Apparently, some people objected to Kermit playing the Scarecrow, to which I respond with a paraphrase of the words the Talking Food used about the Swedish Chef in Muppet Treasure Island, “How else do you think they were going to get him in this movie?” To be fair, I could see Kermit and Gonzo in the opposite roles, with Gonzo as the Scarecrow, but “Tin Frog” isn’t as funny as “Tin Thing,” and I like Gonzo best when he gets sad and wistful, so the Tin Thing seems like a better fit for him to me.
The objection to Kermit playing the Scarecrow seems to be that it made him dumb. This despite the fact that it was implied in the book, and made explicit in this special, that Dorothy’s friends were never lacking intelligence, compassion, or courage; all they were really lacking was confidence in themselves. Kermit’s Scarecrow is admittedly a bit ditzy, but he’s not dumb. And even if he is, so what? Kermit’s playing a character distinct from himself; if anything, it’s the Scarecrow that’s dumb, not Kermit.
I would have thought that there would be more objection to Fozzie Bear playing the Cowardly Lion, seeing as it involved a change of his species. To be fair, though, there were previous Muppet precedents for Fozzie in the role, so maybe people were mollified by the fact that Jim Henson had signed off on it in the past.
The Muppets aren’t just about humor; they’re also about heart, and there’s a really nice example of this in which Tin Thing Gonzo helps Cowardly Lion Fozzie over the Kalidah Bridge (which is actually just a fallen tree). Between his fear of heights and the vicious heckling of the Kalidah Critics (Statler and Waldorf), Fozzie becomes frozen with fear halfway across the bridge. Gonzo speaks words of encouragement to him and, when that doesn’t work, goes to him on the bridge and offers him his hand to help him across. Nothing I can say about this scene can do it justice; just watch:
Did you cry a little watching that? I certainly did.
I occasionally listen to Tough Pigs’ “Movin’ Right Along” podcast, and this scene answers their repeated question of whether Fozzie and Gonzo are really friends with each other or if they hang out together by default because they both happen to be friends with Kermit.
Choosing Piggy to play all four witches was inspired; I couldn’t have cast it better myself. It allows Piggy to showcase all the various aspects of her personality; she gets to be caring and sweet as Tattypoo and Glinda, and then lets her bitch flag fly at full mast as the otherwise unnamed Wicked Witch of the West. Plus, I very much enjoy seeing her paired with Johnny Fiama. Is this a relationship that we can explore further, please? I find it very intriguing.

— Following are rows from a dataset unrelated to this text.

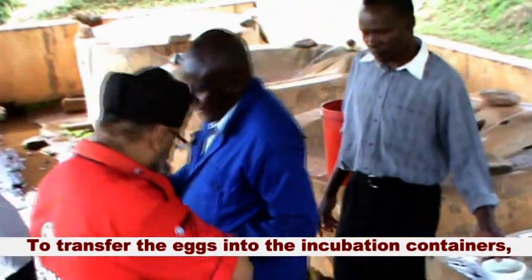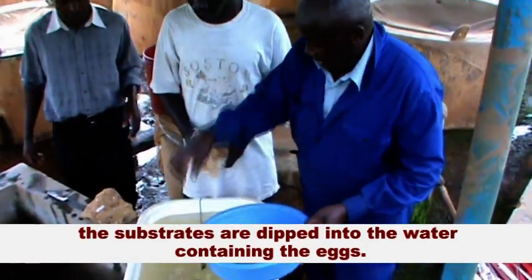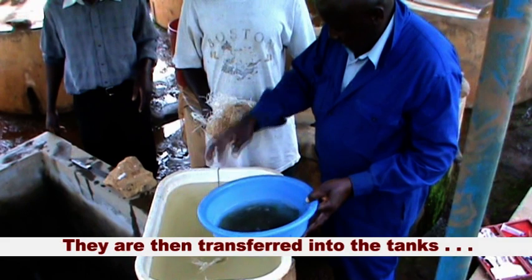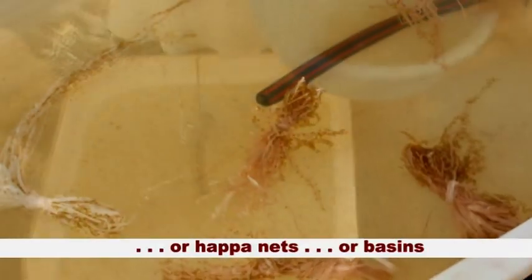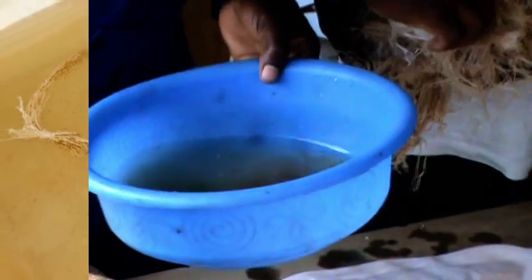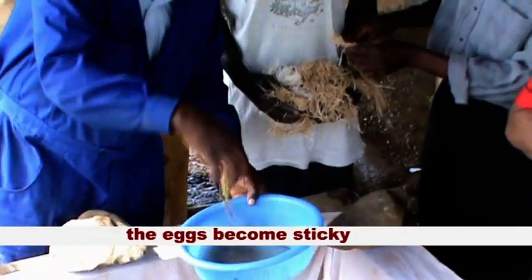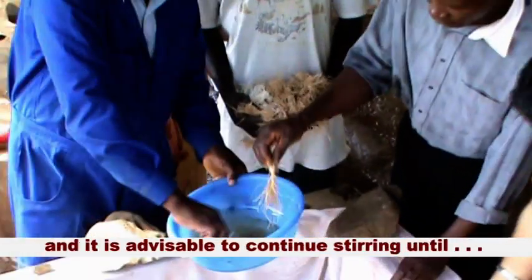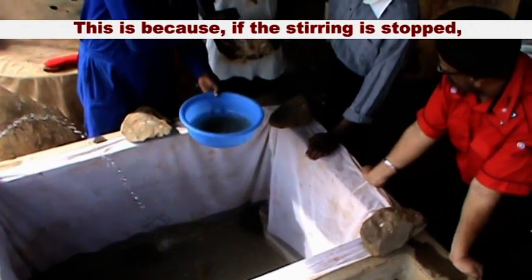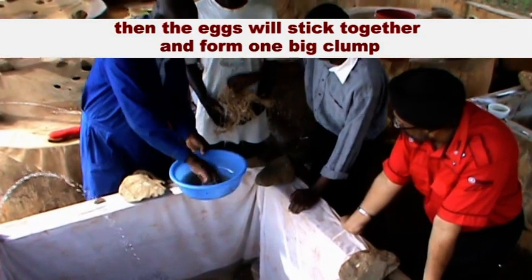To transfer the eggs into the incubation containers, the substrates are dipped into the water containing the eggs and the eggs will stick on these substrates. They are then transferred into the tanks, hapas, or basins, whichever incubation container is available. Once the fertilization has taken place, the eggs become sticky and it is advisable to continue stirring until all the eggs have been put into the hatching tanks. This is because if the stirring is stopped, the eggs will stick together and form one big clump.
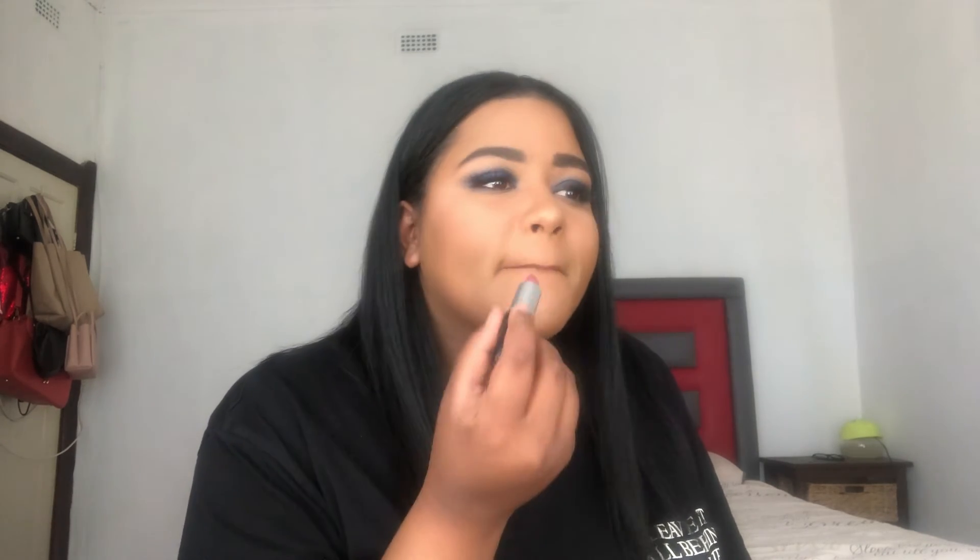I'm just gonna apply my lashes off camera and then I'll be back. This is the finished look! If you liked this video, please be sure to give it a thumbs up and don't forget to subscribe. Thank you so much for watching and I will see you next time.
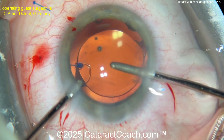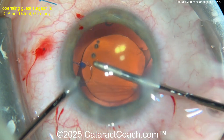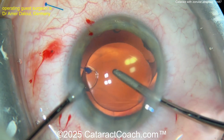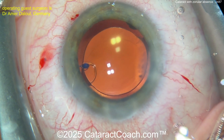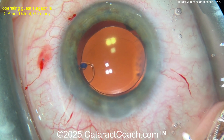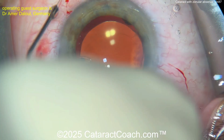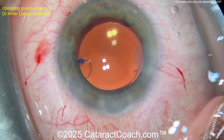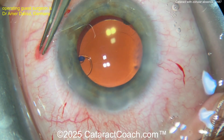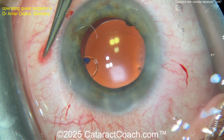Now taking out the viscoelastic — I'd like to put in some triamcinolone just to make sure there's no prolapse of any vitreous. Nicely removing everything and that looks pretty good. Wow, very nice! Put some Miochol in there and bring the pupil down — and look at that, it's going to have nice long-term stability. Beautiful case, fantastic technique!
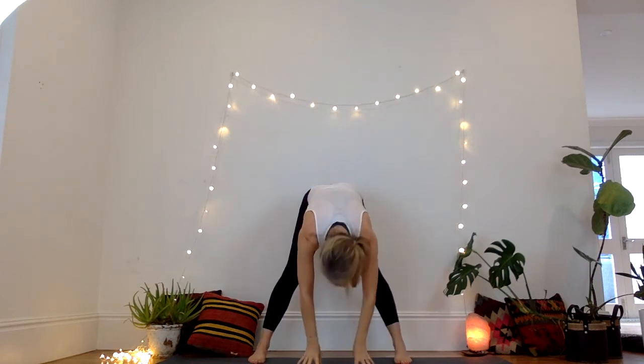And again — inhale, gather that sky energy, reach up, exhale, bring it down, push the palms away, wide horse. Inhale, gathering from behind, exhale, folding forward.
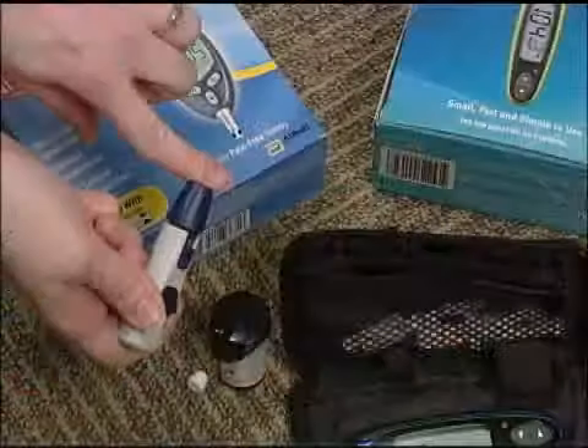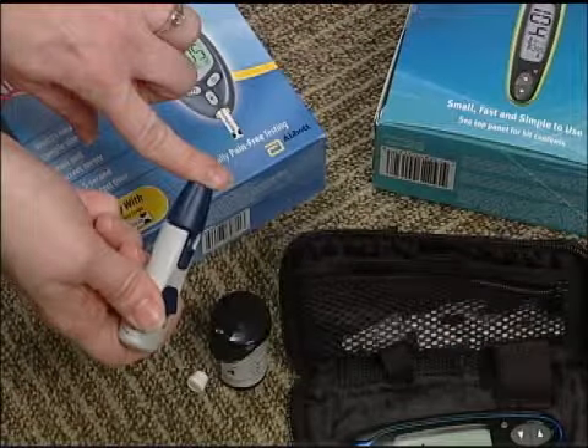Once you've inserted the strip, go ahead and get a droplet of blood from your finger. When you're testing, you want to test on the side of your finger, not in the fleshy middle part. It will be less uncomfortable to test on the side, and you can get just as much blood from there.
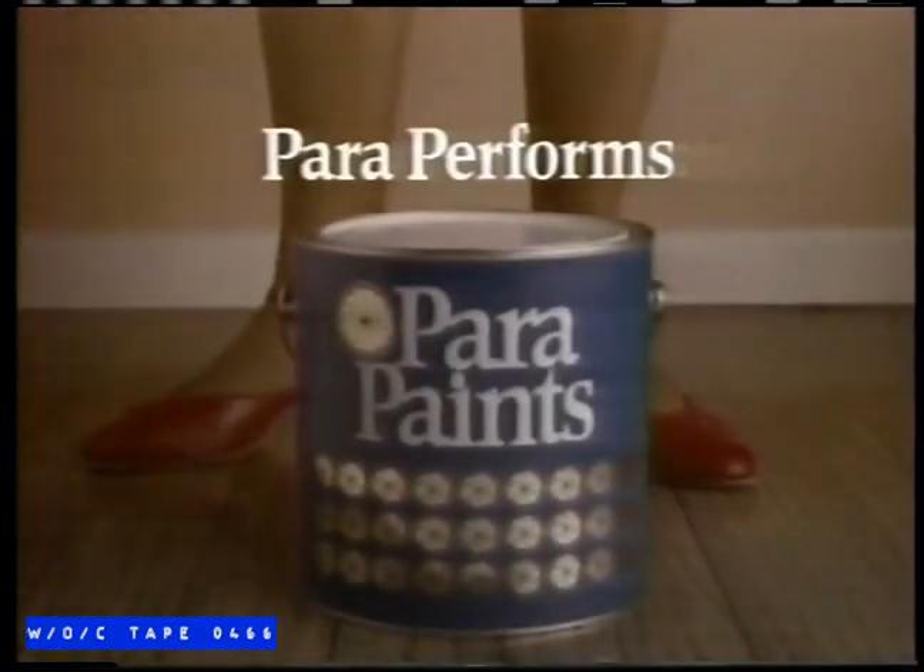Where does Para paint stand on chipping and peeling? Well, in independent tests, Para performed as well or better than six other leading paints, some costing much more. Because one thing Para's not is off the wall. Para performs.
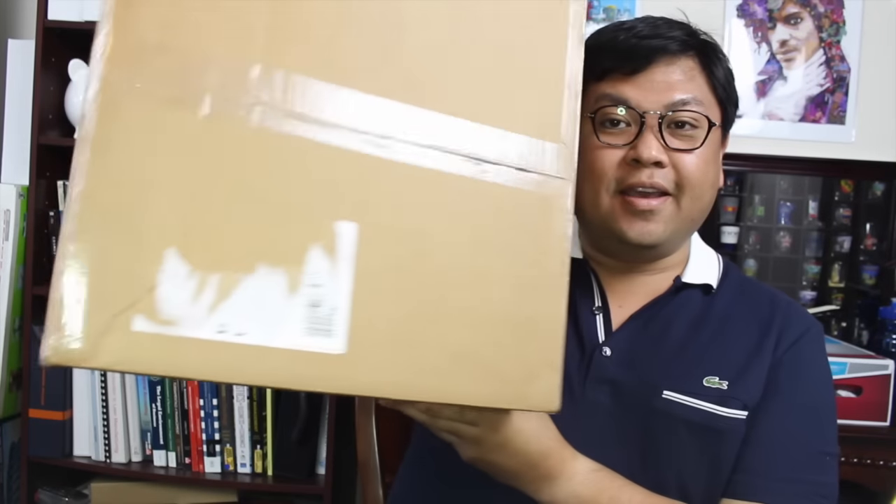Hello YouTube and welcome back to my channel. I am DocLuxury and I'm here with another video for you. This time I have another unboxing.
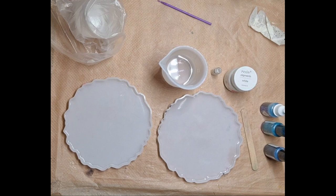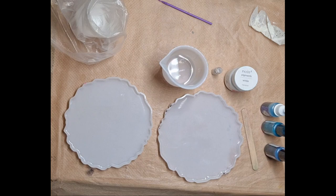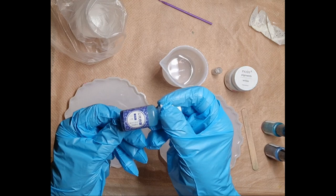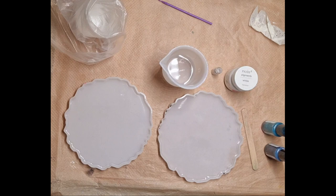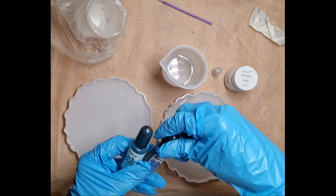I've got some resin left over from another project and I'm just going to quickly use it up. I'm going to try and do another couple of coasters to see if they work out. I want to do blue with white and silver. I've got this blue from the starter kit two years ago, and then I've got navy and peacock — these are from Sigwon.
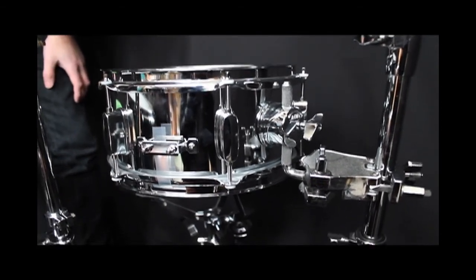So yeah, it's a great, great drum. You can check it out — it's available now at www.soundattack.co.uk and you can hear it.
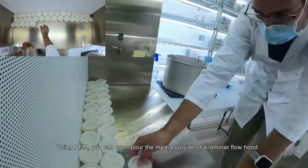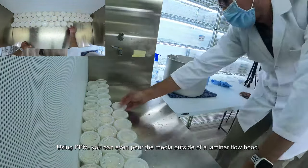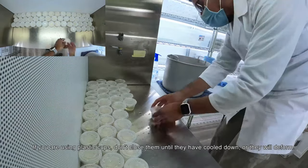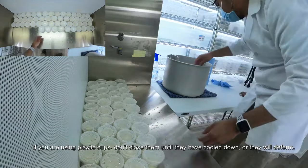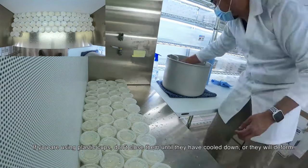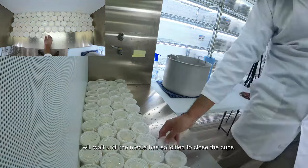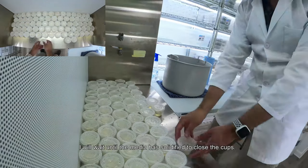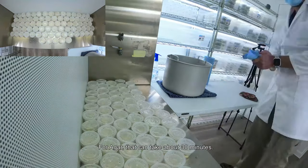Using PPM, you can even pour the media outside of a laminar flow hood. If you are using plastic cups, don't close them until they have cooled down or they will deform. I will wait until the media has solidified to close the cups — for agar that can take about 30 minutes.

Another thing that I appreciate about this special as an adaptation is that it returns the normal contingent of four witches to Oz. In the original novel, as in MWoO, Glinda was the Good Witch of the South, and the Good Witch of the North was an entirely separate character (she wasn’t given a name in the original novel, but apparently the name Tattypoo, among others, was used in the sequels). In the 1939 movie, however, Glinda and the Witch of the North get conflated into a single character, and the entire movie becomes a wild goose chase because Glinda knew all along that the shoes could take Dorothy home but refused to tell her, for whatever reason, which is amusingly called out in MWoO.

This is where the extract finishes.